| What you are asked to do |
Print exactly the lines below between the line containing "EMSea 2 Pack" and the line containing "Protein Bars –", counting both of those lines. Leave pictures out.

| Data extracts |
=======

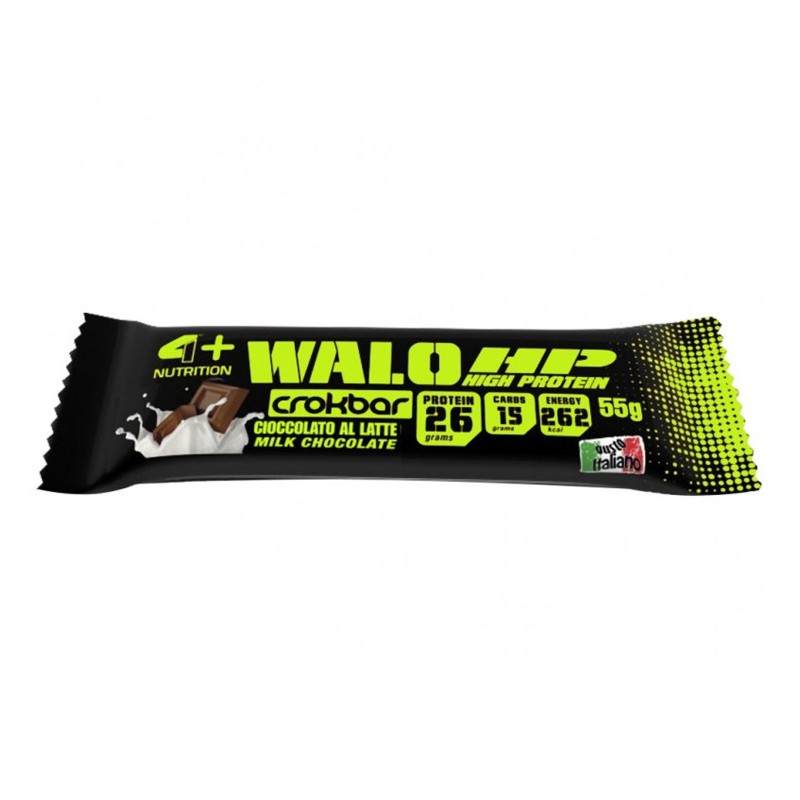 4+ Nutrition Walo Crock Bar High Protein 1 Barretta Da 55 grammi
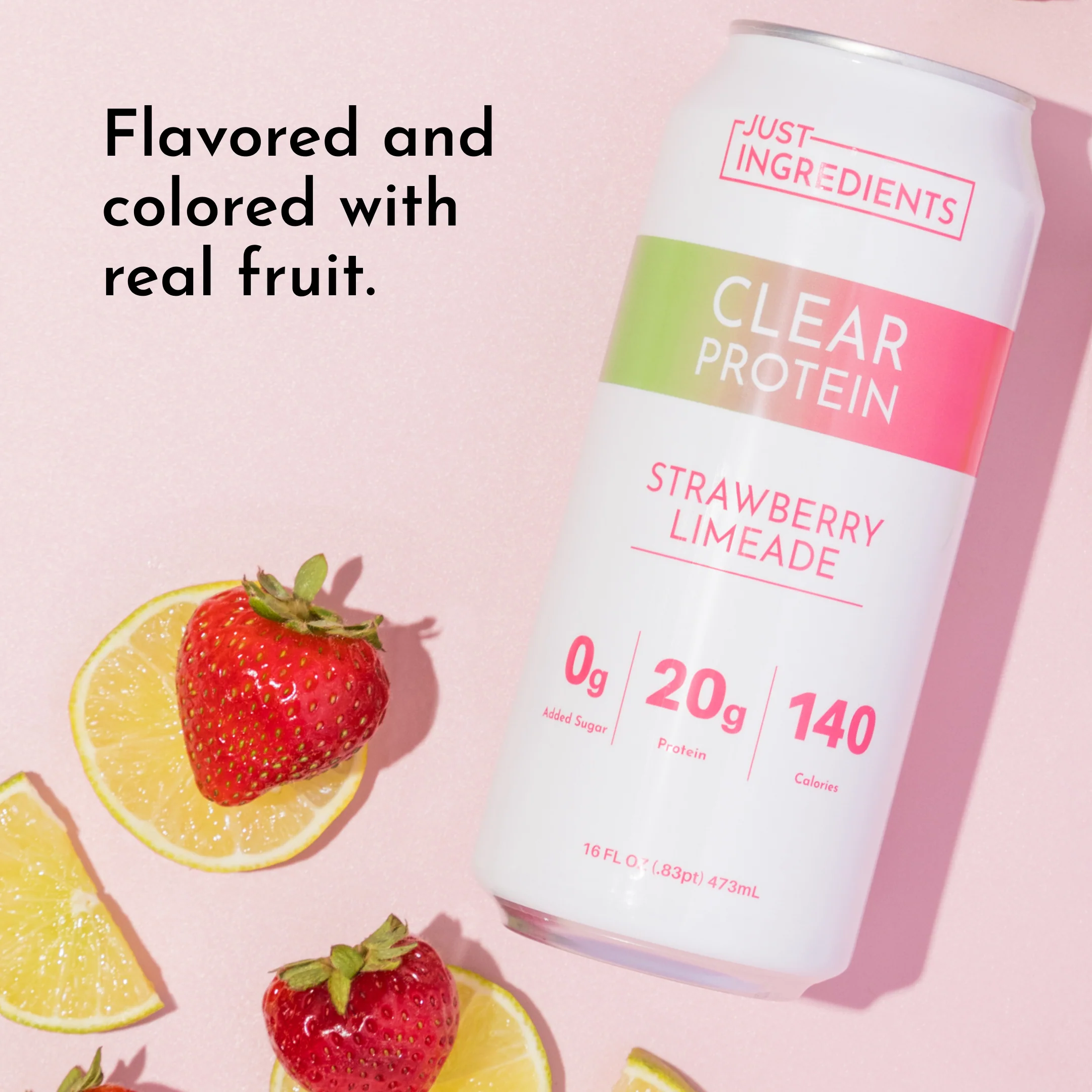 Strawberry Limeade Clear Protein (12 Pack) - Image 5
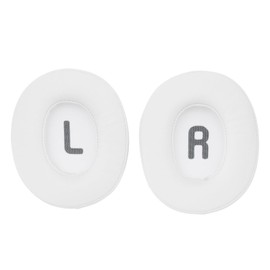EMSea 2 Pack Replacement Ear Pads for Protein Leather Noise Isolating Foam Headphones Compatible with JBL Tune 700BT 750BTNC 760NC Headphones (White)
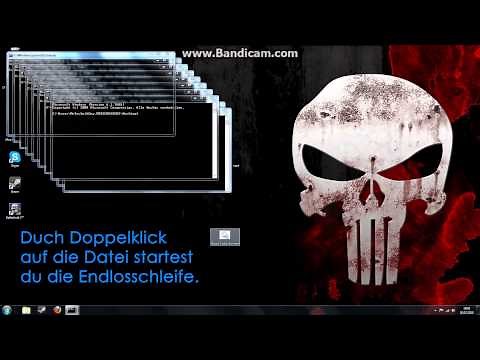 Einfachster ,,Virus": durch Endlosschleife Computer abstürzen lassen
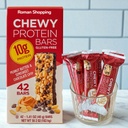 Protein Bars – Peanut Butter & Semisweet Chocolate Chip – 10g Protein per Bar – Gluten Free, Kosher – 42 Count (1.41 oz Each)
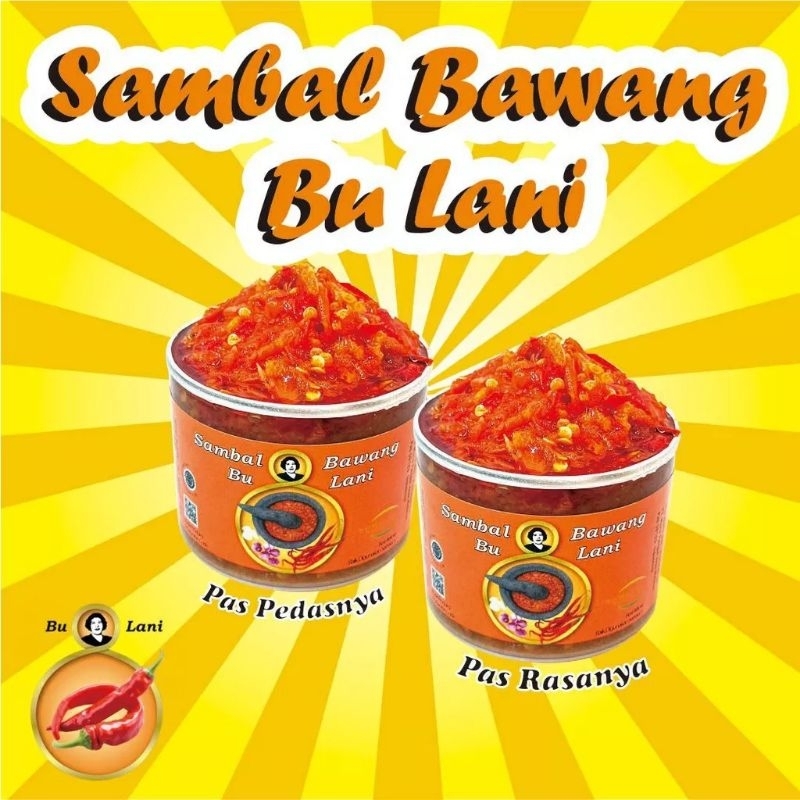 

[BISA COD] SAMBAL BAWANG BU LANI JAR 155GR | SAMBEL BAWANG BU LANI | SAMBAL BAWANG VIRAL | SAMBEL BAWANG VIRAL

=======

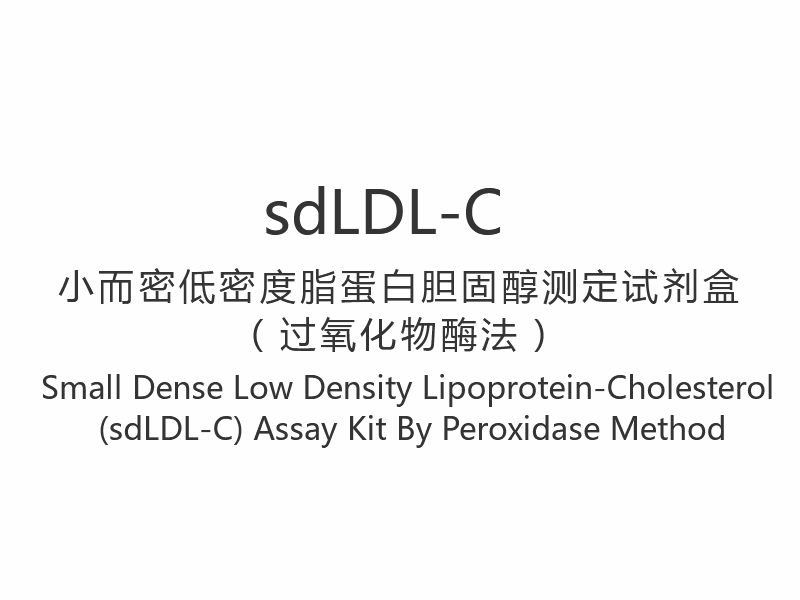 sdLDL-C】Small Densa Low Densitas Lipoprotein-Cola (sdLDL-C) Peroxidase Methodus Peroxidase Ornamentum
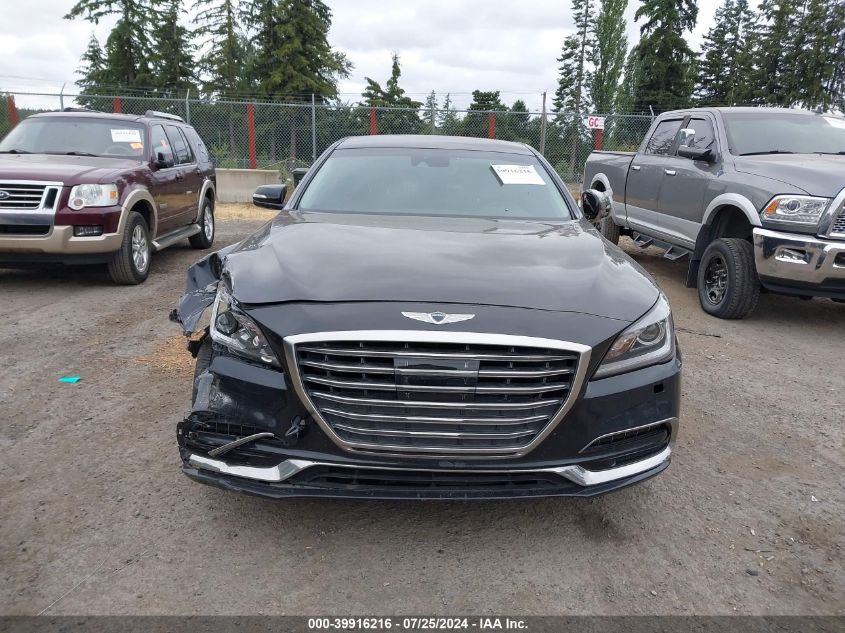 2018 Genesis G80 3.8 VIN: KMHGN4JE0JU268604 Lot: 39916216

=======

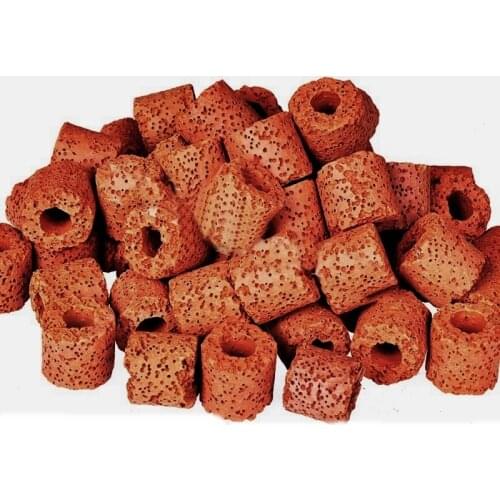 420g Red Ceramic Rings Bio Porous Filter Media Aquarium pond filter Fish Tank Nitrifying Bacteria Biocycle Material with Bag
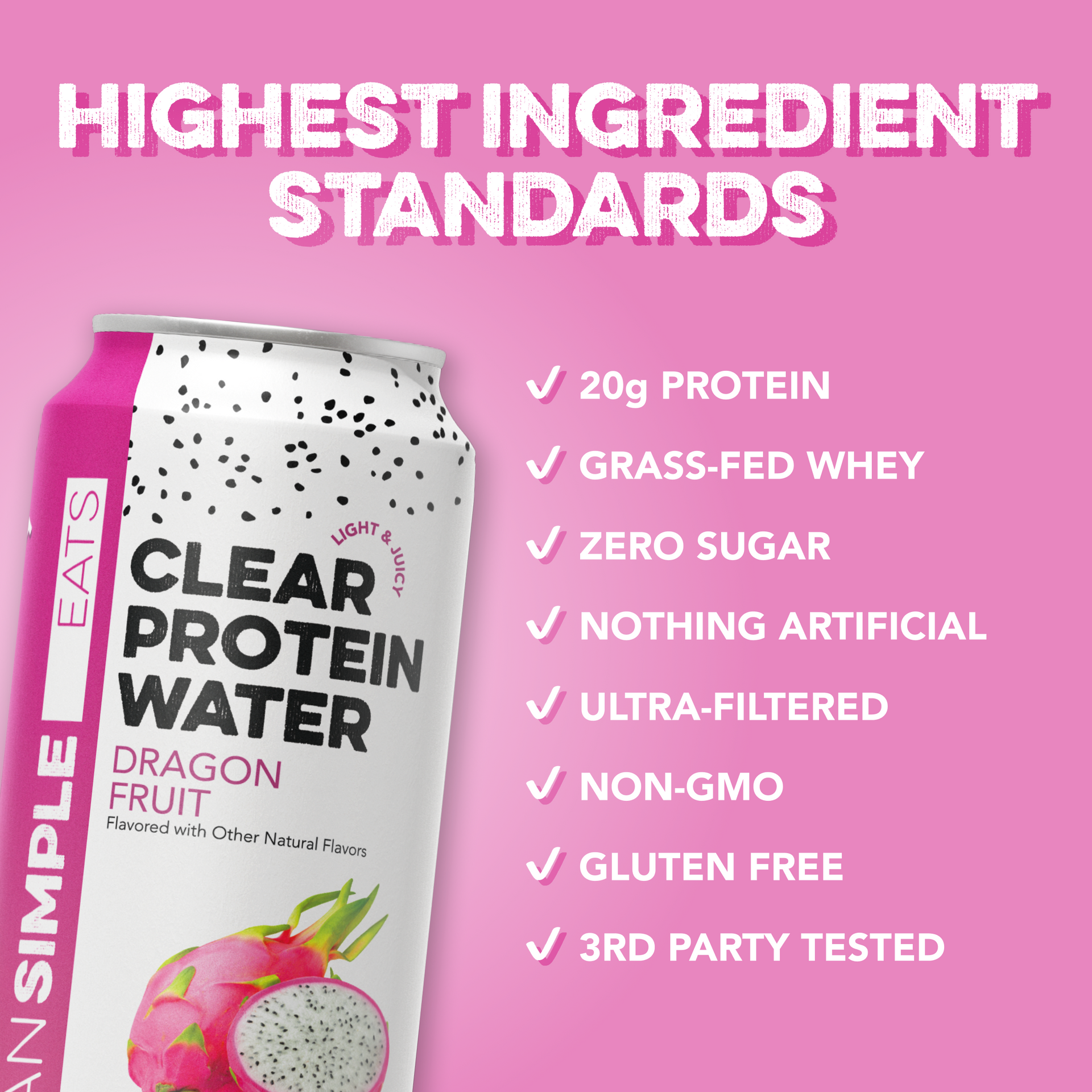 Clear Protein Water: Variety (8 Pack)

=======

| Solution to this task |
EMSea 2 Pack Replacement Ear Pads for Protein Leather Noise Isolating Foam Headphones Compatible with JBL Tune 700BT 750BTNC 760NC Headphones (White)
 Einfachster ,,Virus": durch Endlosschleife Computer abstürzen lassen
 Protein Bars – Peanut Butter & Semisweet Chocolate Chip – 10g Protein per Bar – Gluten Free, Kosher – 42 Count (1.41 oz Each)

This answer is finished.